Já o Programa de Formação Interdisciplinar Superior (ProFis), da Unicamp, entrou em funcionamento no início 2011 e objetiva “dar aos alunos uma formação geral, de caráter multidisciplinar, que proporcione uma visão integrada do mundo contemporâneo.” O curso de dois anos é destinado a alunos de escolas públicas da região de Campinas e são selecionados aqueles que obtiveram as melhores notas no Enem (Exame Nacional do Ensino Médio). Os alunos que concluem o Profis são classificados de acordo com seu desempenho acadêmico e podem continuar a estudar nos cursos regulares da Unicamp, sem ter de fazer o vestibular.
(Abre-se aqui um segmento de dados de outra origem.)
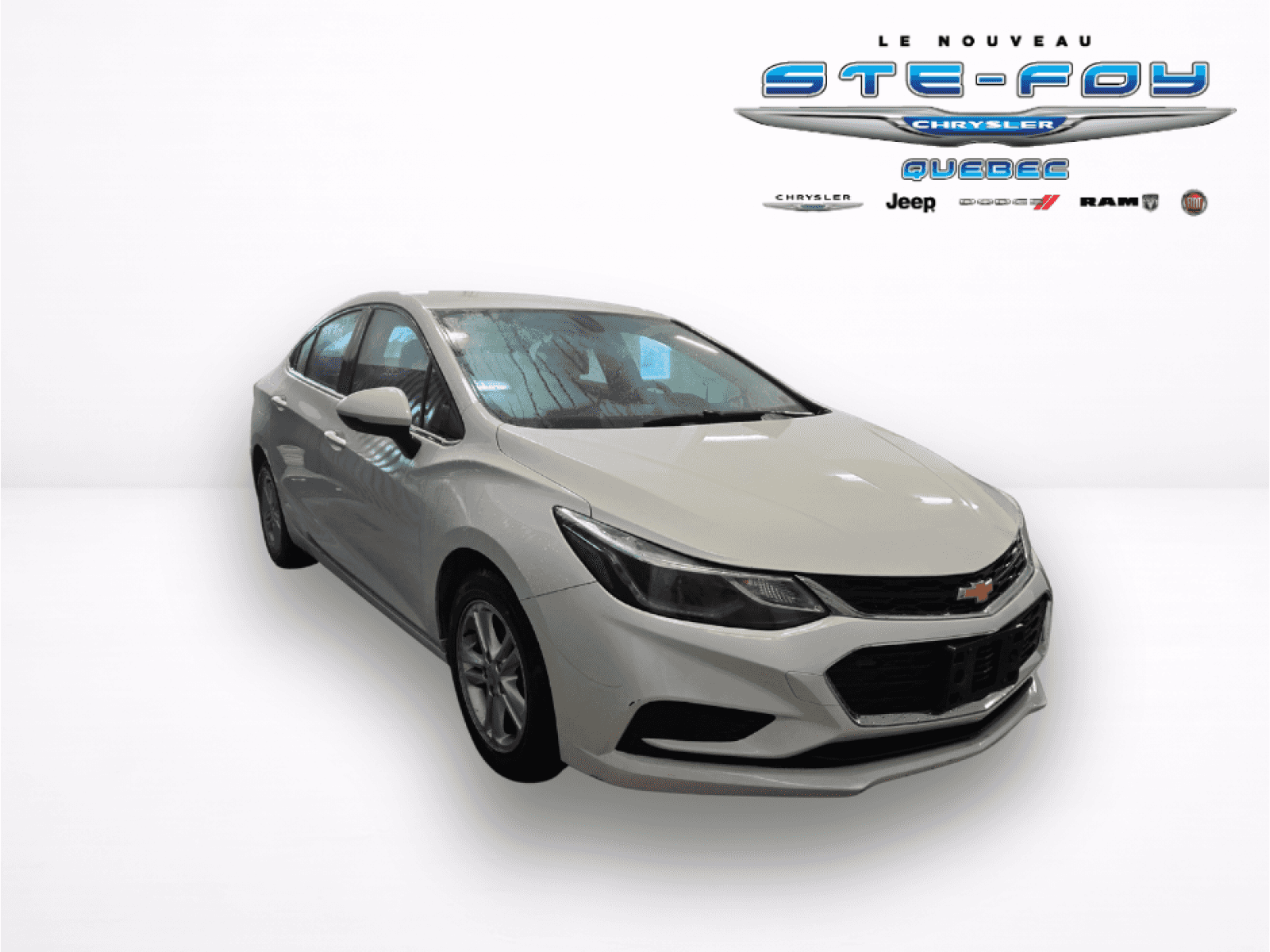 2017 Chevrolet Cruze LT - Image 3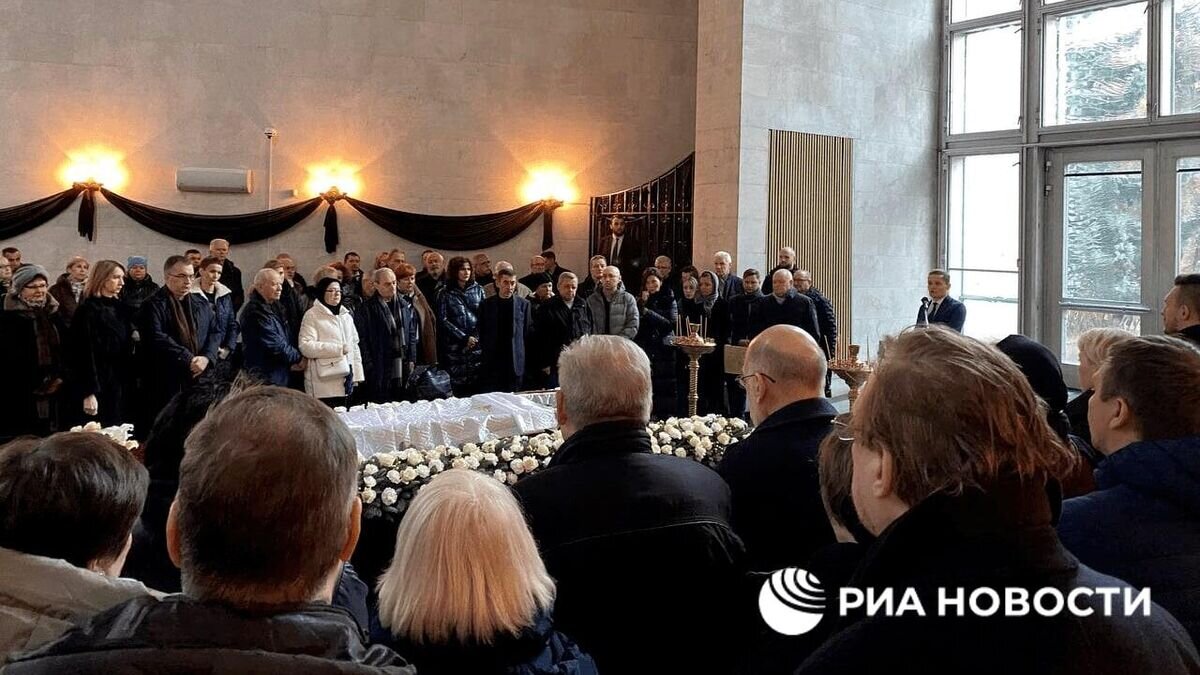    Прощание с руководителем крымского представительства "Россия сегодня" Светланой Бабаевой на Троекуровском кладбище в Москве© РИА Новости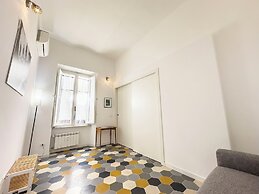 San Lorenzo Apartments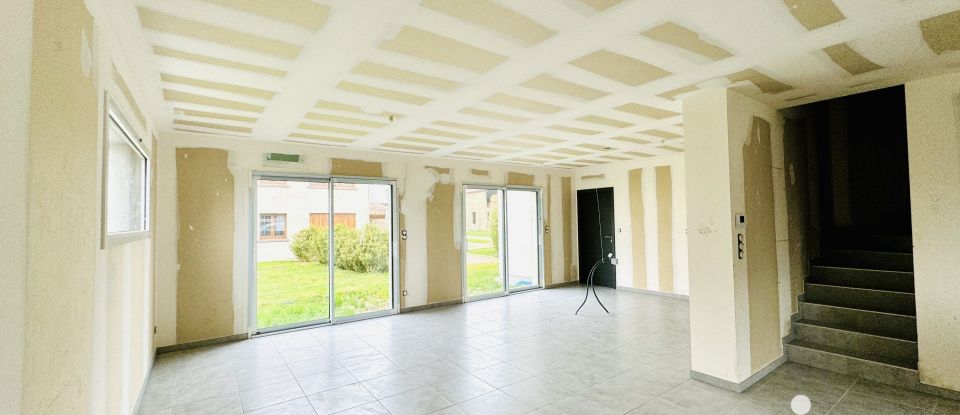 Maison 5 pièces de 108 m² à Sillegny (57420)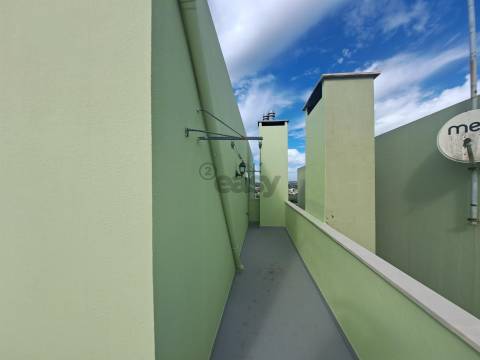 Apartamento T4 Duplex - Avenida de Fitares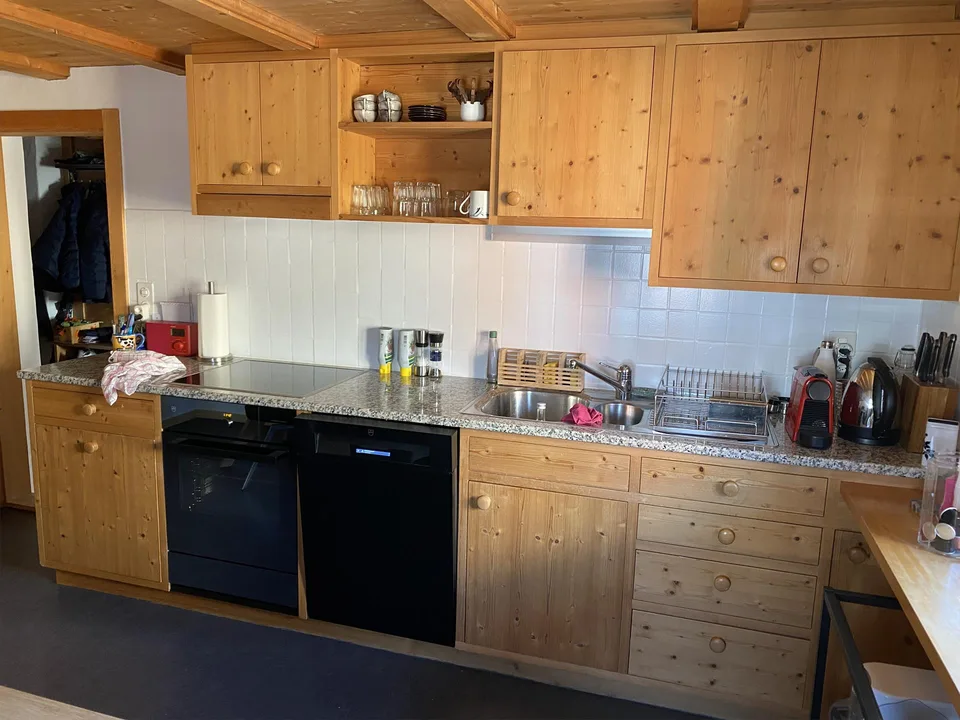 Renovierte Wohnung in 400 jährigem Bauernhaus am sonnigen Heinzenberg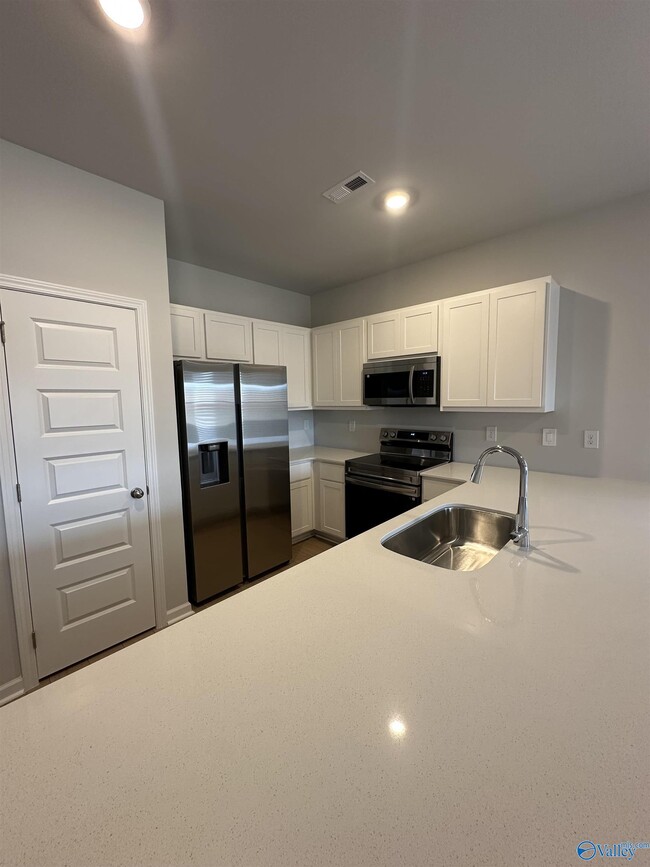 Photo - 115 Havner Dr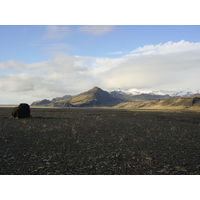 รูปถ่าย ไอซ์แลนด์(Iceland) แอจาฟโจล(Eyjafjoll) 2003-03 7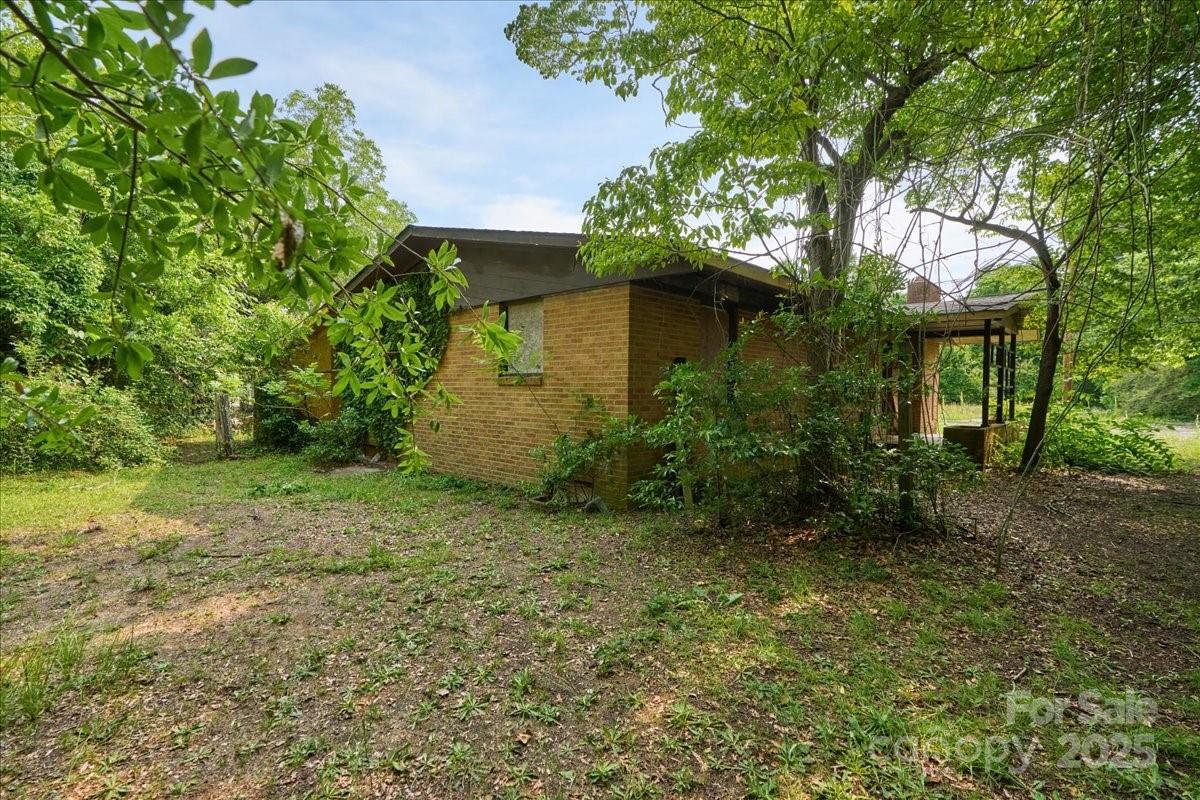 714 Pine Bark Street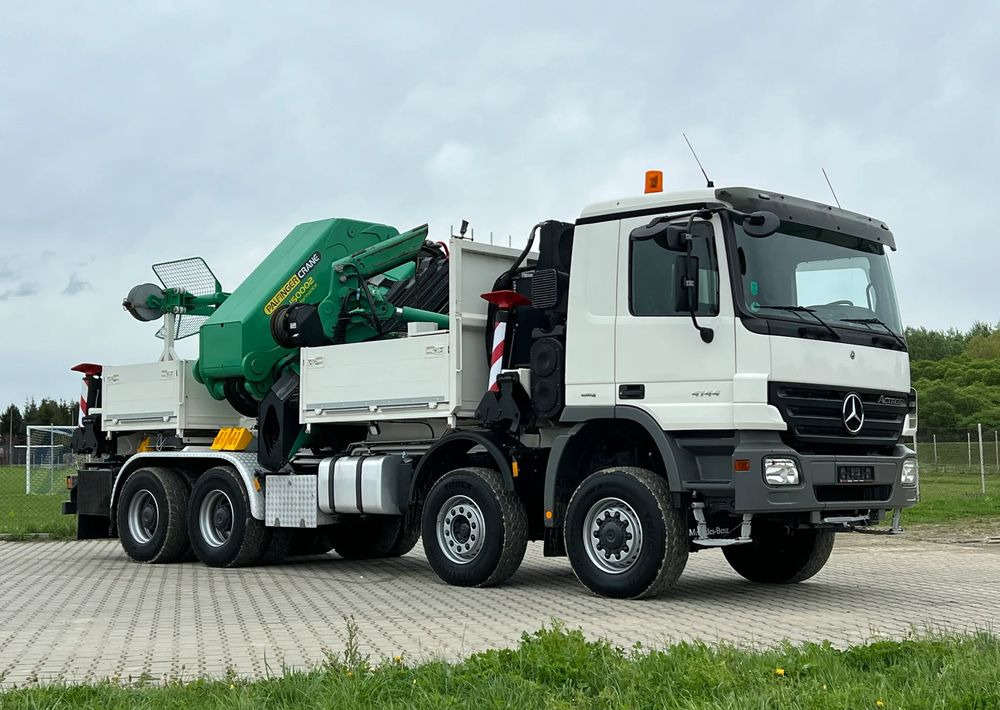 Mercedes-Benz * Mercedes 8x6 Actros 4144 * HDS Palfinger 150002 + FLY JIB PJ 170 * Dźwig * 40 TON * Wyciągarka * 35 Metrów * Kosz * - Maquinaria forestal, Camión: foto 1 Mercedes-Benz * Mercedes 8x6 Actros 4144 * HDS Palfinger 150002 + FLY JIB PJ 170 * Dźwig * 40 TON * Wyciągarka * 35 Metrów * Kosz * - Maquinaria forestal, Camión: foto 1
Promover experiências e produção de conhecimento interdisciplinares na graduação parece ser um dos maiores desafios que se apresenta para aqueles que pensam e decidem sobre a estrutura e os rumos da universidade brasileira. Os multicentros marcam um movimento de crescende demanda das transformações científicas e tecnológicas atuais em direção a mudanças nas fases anteriores na formação profissional. Certamente uma nova reforma que se anuncia poderá também atingir os níveis mais básicos da educação.